Сказанное не означает, что религиозные чувства мож­но свести только к отрицательным переживаниям. На­против, надо определенно заявить, что в системе рели­гиозных эмоций важную роль играют и положительные чувства: любовь, восхищение, благоговение и т. п. Од­нако положительные чувства, будучи компонентом ре­лигиозной веры, приобретают специфическую направ­ленность. Их предметом являются сверхъестественные, т.е. иллюзорные, нереальные, существа или явления (бог, дух, ангел и т. п.). Направленность религиозных чувств, как отрицатель­ных, так и положительных, на иллюзорные, сверхъесте­ственные предметы веры предопределяет их специфику в социально-психологическом плане, т. е. в плане их места в психике верующих, воздействуя на их сознание и поведение. Постараемся показать социально-психологическую специфику религиозных чувств, обратившись к чувству любви в системе переживаний верующего христианина. О любви твердят все христианские молитвы и богослу­жебные тексты, о любви как основном качестве христиа­нина вещают в церквах и баптистских молитвенных до­мах, слово «любовь» склоняют во всех падежах христи­анские богословы, уверяющие, что христианство явля­ется самым гуманистическим в мире учением, так как в основе его — любовь. Христианская религия требует, прежде всего, любви к богу. «...Возлюби господа бога твоего всем сердцем твоим и всею душею твоею и всем разумением твоим: сия есть первая и наибольшая заповедь»,— сказано в Евангелии от Матфея (22: 37—38). Что же касается люб­ви к людям, то эта любовь, согласно канонам христиан­ского вероучения, всегда должна быть подчинена люб­ви к богу.

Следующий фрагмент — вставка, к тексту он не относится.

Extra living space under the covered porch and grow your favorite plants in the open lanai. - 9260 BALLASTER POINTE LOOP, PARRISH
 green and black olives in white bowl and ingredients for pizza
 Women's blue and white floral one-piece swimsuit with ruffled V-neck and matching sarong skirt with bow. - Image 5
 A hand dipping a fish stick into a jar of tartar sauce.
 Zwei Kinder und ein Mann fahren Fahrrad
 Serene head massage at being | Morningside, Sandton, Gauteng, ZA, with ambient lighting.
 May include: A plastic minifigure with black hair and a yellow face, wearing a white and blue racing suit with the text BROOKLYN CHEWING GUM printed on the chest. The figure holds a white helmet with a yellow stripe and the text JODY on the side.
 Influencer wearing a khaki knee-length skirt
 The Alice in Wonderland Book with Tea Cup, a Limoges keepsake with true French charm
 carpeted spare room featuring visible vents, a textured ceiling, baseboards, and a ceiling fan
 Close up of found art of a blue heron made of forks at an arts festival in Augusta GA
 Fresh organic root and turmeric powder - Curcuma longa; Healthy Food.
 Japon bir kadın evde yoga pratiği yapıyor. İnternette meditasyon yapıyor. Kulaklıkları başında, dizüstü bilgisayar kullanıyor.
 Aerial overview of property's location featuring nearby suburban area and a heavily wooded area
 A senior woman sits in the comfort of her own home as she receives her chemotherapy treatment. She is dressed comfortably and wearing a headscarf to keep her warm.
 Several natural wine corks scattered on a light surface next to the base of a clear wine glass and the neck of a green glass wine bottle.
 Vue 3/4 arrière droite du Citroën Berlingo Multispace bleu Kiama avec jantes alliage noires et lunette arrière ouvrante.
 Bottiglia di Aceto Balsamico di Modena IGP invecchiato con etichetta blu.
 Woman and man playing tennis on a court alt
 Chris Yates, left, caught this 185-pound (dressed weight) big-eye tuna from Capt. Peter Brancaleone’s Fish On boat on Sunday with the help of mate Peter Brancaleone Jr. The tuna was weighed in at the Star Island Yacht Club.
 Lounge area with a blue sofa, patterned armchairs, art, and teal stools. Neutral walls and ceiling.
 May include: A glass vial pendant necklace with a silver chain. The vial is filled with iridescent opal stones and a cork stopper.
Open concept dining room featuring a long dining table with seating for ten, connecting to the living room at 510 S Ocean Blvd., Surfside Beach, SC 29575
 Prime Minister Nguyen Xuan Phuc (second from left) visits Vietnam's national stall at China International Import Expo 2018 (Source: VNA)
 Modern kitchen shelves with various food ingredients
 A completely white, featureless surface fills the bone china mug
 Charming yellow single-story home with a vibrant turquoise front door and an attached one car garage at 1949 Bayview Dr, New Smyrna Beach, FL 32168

В этой связи становится понятно, что жестокость, свойственная христианским фанатикам в прошлом, а иногда и в настоящем, не является случайным отклоне­нием от духа христианского вероучения. В нем всегда было заложено нечто, что позволяло, к примеру, инкви­зиции истреблять и преследовать «еретиков» во имя «спасения их душ», во имя любви к богу. Еще Л. Фейербах вскрыл псевдогуманистический характер христианской любви. «...Ведь даже любовь, как самое искреннее, внутреннее настроение,— писал он,— становится благодаря религиозности лишь мнимой, ил­люзорной любовью, ибо религиозная любовь любит че­ловека только ради бога, т. е. она лишь призрачно любит человека, а на самом деле любит только бога» .

Направленность религиозных чувств на сверхъестественные, иллюзорные, объекты, означает не только бессмысленную растрату человече­ской энергии, физической и духовной, она лежит в основе психологического механизма религиозного утешения, который, в свою очередь, отв­лекает религиозных людей от практического решения их жизненных проблем.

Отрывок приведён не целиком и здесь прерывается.